**Available records**
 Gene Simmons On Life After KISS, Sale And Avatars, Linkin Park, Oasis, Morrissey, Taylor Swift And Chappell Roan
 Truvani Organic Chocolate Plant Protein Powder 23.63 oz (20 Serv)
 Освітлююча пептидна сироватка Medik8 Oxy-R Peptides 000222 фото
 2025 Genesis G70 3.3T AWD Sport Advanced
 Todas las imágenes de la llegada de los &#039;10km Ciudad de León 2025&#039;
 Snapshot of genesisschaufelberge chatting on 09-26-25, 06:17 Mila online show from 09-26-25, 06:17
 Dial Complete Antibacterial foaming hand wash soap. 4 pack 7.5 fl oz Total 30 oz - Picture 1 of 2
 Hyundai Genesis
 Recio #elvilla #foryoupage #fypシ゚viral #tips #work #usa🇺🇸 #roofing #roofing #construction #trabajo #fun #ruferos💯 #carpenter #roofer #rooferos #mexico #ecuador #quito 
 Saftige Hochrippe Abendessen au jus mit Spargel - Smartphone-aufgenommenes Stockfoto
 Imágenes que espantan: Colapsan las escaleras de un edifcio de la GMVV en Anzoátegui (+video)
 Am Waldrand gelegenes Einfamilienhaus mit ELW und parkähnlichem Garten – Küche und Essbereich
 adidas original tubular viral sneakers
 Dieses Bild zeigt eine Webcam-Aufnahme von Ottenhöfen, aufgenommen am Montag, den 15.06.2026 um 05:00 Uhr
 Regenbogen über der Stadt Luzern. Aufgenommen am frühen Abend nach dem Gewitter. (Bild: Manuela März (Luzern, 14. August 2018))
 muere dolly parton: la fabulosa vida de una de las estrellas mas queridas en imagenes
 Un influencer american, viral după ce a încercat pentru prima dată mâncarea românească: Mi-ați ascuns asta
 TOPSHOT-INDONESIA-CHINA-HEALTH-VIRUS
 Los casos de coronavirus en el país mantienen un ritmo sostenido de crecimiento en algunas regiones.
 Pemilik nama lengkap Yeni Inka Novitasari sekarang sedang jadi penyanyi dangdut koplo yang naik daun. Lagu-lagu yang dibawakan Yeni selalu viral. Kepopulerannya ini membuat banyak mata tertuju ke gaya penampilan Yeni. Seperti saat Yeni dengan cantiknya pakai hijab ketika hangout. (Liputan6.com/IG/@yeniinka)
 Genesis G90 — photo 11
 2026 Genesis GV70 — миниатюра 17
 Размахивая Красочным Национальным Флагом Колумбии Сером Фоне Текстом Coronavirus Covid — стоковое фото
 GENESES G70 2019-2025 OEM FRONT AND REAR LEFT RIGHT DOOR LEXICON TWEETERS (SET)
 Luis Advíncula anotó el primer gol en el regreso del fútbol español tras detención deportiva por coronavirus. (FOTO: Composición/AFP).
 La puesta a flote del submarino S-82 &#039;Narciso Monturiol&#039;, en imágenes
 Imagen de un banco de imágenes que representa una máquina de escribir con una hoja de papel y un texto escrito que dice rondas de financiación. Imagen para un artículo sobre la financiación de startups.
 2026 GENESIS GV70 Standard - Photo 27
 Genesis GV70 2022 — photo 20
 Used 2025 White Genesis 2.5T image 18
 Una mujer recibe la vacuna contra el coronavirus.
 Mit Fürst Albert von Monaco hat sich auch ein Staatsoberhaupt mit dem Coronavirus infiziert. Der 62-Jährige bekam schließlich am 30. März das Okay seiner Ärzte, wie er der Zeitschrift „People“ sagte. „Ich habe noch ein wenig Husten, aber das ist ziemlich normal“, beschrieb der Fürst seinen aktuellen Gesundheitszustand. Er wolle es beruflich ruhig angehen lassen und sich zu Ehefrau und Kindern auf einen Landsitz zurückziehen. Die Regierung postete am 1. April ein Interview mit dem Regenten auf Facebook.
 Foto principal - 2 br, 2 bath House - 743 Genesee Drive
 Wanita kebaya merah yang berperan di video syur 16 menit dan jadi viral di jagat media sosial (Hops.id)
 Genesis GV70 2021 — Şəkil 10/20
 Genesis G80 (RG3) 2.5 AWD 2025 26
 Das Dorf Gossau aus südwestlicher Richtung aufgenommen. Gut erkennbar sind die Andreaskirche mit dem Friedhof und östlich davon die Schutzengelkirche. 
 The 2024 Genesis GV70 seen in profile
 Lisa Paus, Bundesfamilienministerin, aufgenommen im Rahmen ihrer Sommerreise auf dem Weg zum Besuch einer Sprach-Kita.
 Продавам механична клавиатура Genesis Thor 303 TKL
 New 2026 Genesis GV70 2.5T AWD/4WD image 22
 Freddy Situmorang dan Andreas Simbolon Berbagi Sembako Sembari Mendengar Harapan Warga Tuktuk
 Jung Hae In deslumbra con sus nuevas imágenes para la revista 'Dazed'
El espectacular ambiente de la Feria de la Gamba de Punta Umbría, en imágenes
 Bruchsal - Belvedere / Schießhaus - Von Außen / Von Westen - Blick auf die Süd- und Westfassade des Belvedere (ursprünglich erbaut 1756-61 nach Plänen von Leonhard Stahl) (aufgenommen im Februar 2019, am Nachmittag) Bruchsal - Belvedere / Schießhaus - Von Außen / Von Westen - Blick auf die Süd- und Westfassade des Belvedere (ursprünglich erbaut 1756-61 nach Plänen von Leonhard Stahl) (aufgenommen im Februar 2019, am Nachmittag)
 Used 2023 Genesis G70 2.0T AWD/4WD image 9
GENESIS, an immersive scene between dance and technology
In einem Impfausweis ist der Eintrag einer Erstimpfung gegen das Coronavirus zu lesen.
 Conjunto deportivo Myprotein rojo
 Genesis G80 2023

**What is needed**
Begin with the line that contains "am Nachmittag) Bruchsal" and print each line exactly until the data ends, including the last line.

**Exercise output**
 Bruchsal - Belvedere / Schießhaus - Von Außen / Von Westen - Blick auf die Süd- und Westfassade des Belvedere (ursprünglich erbaut 1756-61 nach Plänen von Leonhard Stahl) (aufgenommen im Februar 2019, am Nachmittag) Bruchsal - Belvedere / Schießhaus - Von Außen / Von Westen - Blick auf die Süd- und Westfassade des Belvedere (ursprünglich erbaut 1756-61 nach Plänen von Leonhard Stahl) (aufgenommen im Februar 2019, am Nachmittag)
 Used 2023 Genesis G70 2.0T AWD/4WD image 9
GENESIS, an immersive scene between dance and technology
In einem Impfausweis ist der Eintrag einer Erstimpfung gegen das Coronavirus zu lesen.
 Conjunto deportivo Myprotein rojo
 Genesis G80 2023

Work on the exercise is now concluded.